From a clinical viewpoint, it should be remembered that one sexual dysfunction can frequently mask or exacerbate another dysfunction. One example of relevance would be the finding of a male patient stating that he loses his erection during attempted penetration and the female partner stating she has pain during penetration. One must not be hasty in making a diagnosis of erectile dysfunction in the male and/or vaginismus in the female.
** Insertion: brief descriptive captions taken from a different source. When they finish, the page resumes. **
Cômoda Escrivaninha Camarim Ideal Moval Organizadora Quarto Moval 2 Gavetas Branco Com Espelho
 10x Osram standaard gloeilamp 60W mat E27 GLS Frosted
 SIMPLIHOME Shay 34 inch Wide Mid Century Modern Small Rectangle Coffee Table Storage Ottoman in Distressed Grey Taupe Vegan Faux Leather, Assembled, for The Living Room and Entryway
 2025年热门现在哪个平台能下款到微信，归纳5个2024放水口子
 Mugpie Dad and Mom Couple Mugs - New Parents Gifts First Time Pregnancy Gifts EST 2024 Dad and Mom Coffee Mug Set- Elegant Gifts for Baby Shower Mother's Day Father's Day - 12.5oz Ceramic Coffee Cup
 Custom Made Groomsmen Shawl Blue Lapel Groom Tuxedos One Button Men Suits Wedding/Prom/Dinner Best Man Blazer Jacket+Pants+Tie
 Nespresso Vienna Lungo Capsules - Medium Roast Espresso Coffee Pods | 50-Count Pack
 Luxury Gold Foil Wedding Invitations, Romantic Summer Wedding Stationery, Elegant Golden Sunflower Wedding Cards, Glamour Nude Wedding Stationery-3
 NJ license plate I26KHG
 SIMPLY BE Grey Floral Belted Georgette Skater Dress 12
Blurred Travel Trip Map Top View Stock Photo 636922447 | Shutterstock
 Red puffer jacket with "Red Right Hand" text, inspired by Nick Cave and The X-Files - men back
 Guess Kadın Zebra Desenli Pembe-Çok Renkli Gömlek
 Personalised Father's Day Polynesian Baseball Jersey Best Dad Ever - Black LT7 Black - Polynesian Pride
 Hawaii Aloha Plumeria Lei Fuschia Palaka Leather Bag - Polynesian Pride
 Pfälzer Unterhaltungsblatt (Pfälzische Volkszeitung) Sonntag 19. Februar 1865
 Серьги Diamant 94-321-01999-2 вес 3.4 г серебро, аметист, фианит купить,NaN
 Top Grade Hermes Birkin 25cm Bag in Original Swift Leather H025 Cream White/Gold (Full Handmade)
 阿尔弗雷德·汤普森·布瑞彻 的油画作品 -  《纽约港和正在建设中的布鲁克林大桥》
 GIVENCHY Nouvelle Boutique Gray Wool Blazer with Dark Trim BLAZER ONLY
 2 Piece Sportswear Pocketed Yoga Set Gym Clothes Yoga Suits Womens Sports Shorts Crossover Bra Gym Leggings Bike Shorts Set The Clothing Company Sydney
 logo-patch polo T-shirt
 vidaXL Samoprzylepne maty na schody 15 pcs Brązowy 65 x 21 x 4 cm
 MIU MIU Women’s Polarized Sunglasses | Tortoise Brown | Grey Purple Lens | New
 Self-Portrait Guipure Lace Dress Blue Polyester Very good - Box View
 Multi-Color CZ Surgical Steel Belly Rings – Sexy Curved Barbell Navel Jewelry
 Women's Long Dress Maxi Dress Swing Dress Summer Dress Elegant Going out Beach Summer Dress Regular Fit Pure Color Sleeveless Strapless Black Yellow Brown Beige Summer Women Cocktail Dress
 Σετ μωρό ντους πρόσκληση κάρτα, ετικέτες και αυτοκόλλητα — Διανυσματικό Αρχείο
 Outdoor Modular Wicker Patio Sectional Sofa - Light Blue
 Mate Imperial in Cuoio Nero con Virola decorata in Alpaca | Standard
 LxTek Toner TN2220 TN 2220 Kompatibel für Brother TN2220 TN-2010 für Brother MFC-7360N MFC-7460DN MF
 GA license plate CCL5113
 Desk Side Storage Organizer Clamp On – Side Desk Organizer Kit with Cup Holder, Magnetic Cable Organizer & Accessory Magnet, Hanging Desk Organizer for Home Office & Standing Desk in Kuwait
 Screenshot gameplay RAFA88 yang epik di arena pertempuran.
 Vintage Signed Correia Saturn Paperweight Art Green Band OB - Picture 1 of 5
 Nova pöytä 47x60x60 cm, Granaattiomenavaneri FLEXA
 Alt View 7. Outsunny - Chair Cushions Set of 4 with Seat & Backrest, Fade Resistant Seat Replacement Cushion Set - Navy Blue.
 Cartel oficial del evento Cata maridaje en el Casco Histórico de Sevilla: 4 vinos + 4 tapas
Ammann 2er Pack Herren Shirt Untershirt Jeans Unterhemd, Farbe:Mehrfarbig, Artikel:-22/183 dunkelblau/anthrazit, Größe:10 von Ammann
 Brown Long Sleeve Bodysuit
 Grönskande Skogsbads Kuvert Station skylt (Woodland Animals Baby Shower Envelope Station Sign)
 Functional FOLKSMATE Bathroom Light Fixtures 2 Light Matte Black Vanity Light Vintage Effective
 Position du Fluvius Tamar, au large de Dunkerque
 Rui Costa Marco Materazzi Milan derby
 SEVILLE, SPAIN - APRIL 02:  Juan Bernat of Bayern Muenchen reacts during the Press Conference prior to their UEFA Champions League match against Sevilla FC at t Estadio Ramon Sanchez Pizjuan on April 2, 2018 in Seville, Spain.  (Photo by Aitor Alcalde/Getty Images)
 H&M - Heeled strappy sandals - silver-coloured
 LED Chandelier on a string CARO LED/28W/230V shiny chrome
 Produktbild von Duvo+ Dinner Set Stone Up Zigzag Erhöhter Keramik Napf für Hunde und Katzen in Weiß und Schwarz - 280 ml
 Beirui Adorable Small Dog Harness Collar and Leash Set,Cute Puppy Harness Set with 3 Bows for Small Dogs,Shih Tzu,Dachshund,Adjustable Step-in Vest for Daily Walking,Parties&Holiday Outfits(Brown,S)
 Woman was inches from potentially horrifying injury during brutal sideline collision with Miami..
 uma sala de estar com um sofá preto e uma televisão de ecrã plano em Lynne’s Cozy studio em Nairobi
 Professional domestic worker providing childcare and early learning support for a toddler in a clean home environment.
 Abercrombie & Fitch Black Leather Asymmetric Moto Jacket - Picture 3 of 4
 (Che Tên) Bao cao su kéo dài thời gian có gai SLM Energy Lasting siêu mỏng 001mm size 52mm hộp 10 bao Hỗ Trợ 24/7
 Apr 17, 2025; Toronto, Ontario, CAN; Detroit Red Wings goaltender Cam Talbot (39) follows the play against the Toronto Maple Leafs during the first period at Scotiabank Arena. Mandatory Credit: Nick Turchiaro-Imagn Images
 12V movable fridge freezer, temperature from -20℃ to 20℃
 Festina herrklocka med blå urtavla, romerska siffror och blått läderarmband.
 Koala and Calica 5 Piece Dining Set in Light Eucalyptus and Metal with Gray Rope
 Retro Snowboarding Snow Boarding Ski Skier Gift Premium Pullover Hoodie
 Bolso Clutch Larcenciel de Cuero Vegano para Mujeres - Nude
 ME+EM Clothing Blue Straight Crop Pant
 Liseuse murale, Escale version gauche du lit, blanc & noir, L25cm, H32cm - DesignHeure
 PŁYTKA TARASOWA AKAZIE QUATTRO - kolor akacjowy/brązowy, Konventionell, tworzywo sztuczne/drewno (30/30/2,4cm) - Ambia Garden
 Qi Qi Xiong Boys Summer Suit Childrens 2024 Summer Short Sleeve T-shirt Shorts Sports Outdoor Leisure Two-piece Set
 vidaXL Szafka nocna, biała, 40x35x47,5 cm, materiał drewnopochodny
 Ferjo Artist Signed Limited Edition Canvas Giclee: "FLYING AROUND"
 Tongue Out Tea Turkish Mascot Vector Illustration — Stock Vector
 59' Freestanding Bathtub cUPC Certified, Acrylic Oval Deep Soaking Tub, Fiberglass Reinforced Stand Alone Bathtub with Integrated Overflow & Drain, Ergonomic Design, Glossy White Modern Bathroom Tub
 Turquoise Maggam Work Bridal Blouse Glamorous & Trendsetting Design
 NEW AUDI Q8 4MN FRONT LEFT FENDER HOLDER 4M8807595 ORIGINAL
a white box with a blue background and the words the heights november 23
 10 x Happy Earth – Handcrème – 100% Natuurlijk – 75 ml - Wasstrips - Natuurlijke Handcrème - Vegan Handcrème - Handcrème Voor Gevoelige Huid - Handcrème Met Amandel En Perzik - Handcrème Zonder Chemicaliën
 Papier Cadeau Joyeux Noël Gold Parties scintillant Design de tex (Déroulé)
A thorough workup and charting of the sexual response cycle individually for each partner coupled with an in-depth history may simply point out that there was inadequate time allocated by the couple for foreplay which led to inadequate lubrication in the female consequently resulting in difficulties in penetration for the male and eventually erectile dysfunction over a period of time. A session of sex education describing the male and female sexual anatomy coupled with an explanation of the human sexual response cycle for these couples would ameliorate the problem.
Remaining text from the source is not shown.